Weda sebagai Sumber Hukum Hindu
Maharsi Manu, peletak dasar hukum Hindu
menjelaskan bahwa Weda adalah sumber dari segala Dharma :
”Vedo ’khilo dharma mulam smrti sile ca tad
vidam, acarasca iva sadhunam atmanas tustir eva ca”
Artinya :
(Weda adalah sumber dari segala Dharma, yakni
agama, kemudian barulah Smrti, disamping Sila (kebiasaan atau tingkah laku yang
baik dari orang yang menghayati dan mengamalkan ajaran Weda) dan kemudian Acara
yakni tradisi-tradisi yang baik dari orang-orang suci atau masyarakat yang
diyakini baik serta akhirnya Atmatusti, yakni rasa puas diri yang
dipertanggungjawabkan kepada Tuhan Yang Maha Esa).
Manavadharmasastra II.6.
Berdasarkan kutipan di atas, kita mengenal sumber-sumber
hukum Hindu menurut kronologisnya seperti berikut :
a.

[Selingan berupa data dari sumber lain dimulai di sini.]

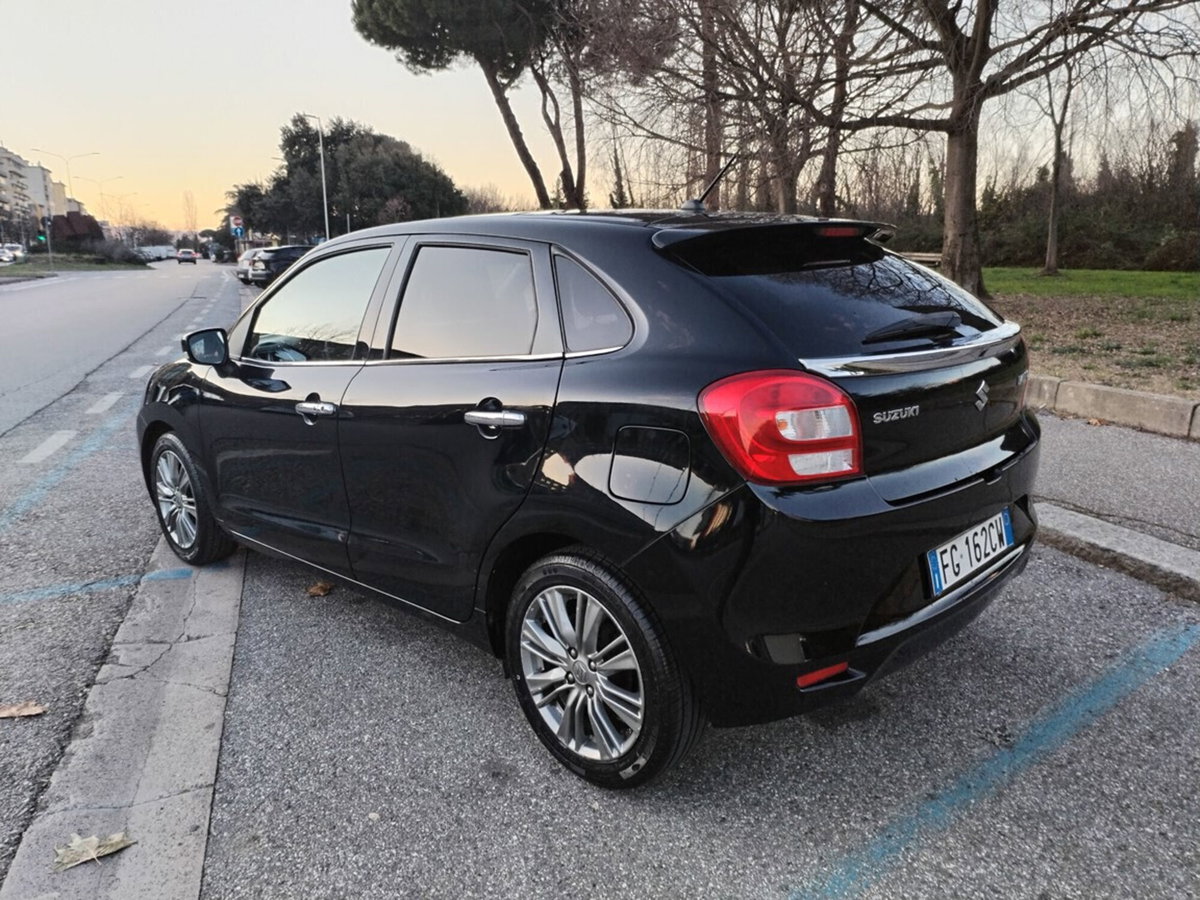 Suzuki Baleno 1.2 Hybrid B-Top (4)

Weda
(Sruti).
Dalam
ajaran agama Hindu, Weda termasuk dalam golongan Sruti.Weda diyakini sebagai sastra tertua dalam
peradaban manusia yang masih ada hingga saat ini. Setelah tulisan ditemukan,
para Rsi menuangkan
ajaran-ajaran Weda ke dalam bentuk tulisan.
b. Smrti (Dharmasastra).
Smrti
(Dharmasastra) adalah Weda juga, karena kedudukannya dipersamakan dengan Weda
(Sruti).
c. Sila (tingkah laku orang suci).
d. Acara (Sadacara).
Sadacara
berasal dari bahasa Sansekerta, dari kata Sat dan
Acara. Sat adalah Satya yang berarti
kebenaran Weda dan Acara artinya
tradisi yang baik.
’Acara ngarania
prawrti kawarah sang hyang aji’’.
Artinya:
Sarasamuscaya 177
Dari pemahaman ini
Sadacara adalah ajaran Weda yang Sanatana Dharma itu
diterapkan menjadi tradisi suci.
e. Atmatusti (Amanastuti).
Atmanastusti adalah tercapainya kepuasan diri dan
kebahagiaan rohani baik dalam upacara yadnya maupun dalam berbagai kegiatan
sehari-hari. Implementasi Atmanastusti dalam kehidupan masyarakat Bali,
misalnya dalam sebuah paruman desa adat, dalam teknik pengambilan keputusan secara ilmiah ditinjau dari
hukum hindu sebagaimana disebutkan bahwa :
1. Dengan
rasa puas diri, berarti keputusan yang di ambil dapat memuaskan diri setiap
orang.
2. Atmatusti
dan disebut juga dengan istilah Santosa yang mempunyai makna dapat memuaskan
semua orang.
3. Atmanastusti
baru kemudian diambil sebagai keputusan bersama,
Pada
intinya disebutkan bahwa Atmanastusti itu sebagai kepuasan diri atau setiap
orang yang dapat dipertanggung jawabkan kepada Tuhan Yang Maha Esa. Untuk lebih menengakkan tentang
kedudukan sumber-sumber hukum Hindu itu, lebih jauh sloka-sloka
Manawadharmasastra menyatakan sebagai berikut :
”Srutistu Vedo dharma sastramtu vai smrtih, te sarvarthesvamimamsye
tabhyam dharmohi nirbabhau”.
Artinya :
(Sesungguhnya Sruti (Wahyu) adalah Weda, demikian pula
Smrti itu adalah Dharmasastra, keduanya tidak boleh diragukan dalam hal apapun,
sebab keduanya adalah kitab suci yang menjadi sumber dari agama dan hukum
Hindu).
Manavadharmasastra II.10.
Dari terjemahan sloka di atas, dapat
ditegaskan bahwa ke lima sumber hukum Hindu itu kebenarannya tidak dapat
dibantah. Kedudukan sloka II.6 dan II.10 di atas merupakan dasar yang harus
dipegang teguh dalam hal kemungkinan timbulnya perbedaan pengertian mengenai
penafsiran hukum yang terdapat di dalam berbagai kitab agama. Maka kedudukan
yang pertama lebih tinggi dari sumber hukum berikutnya.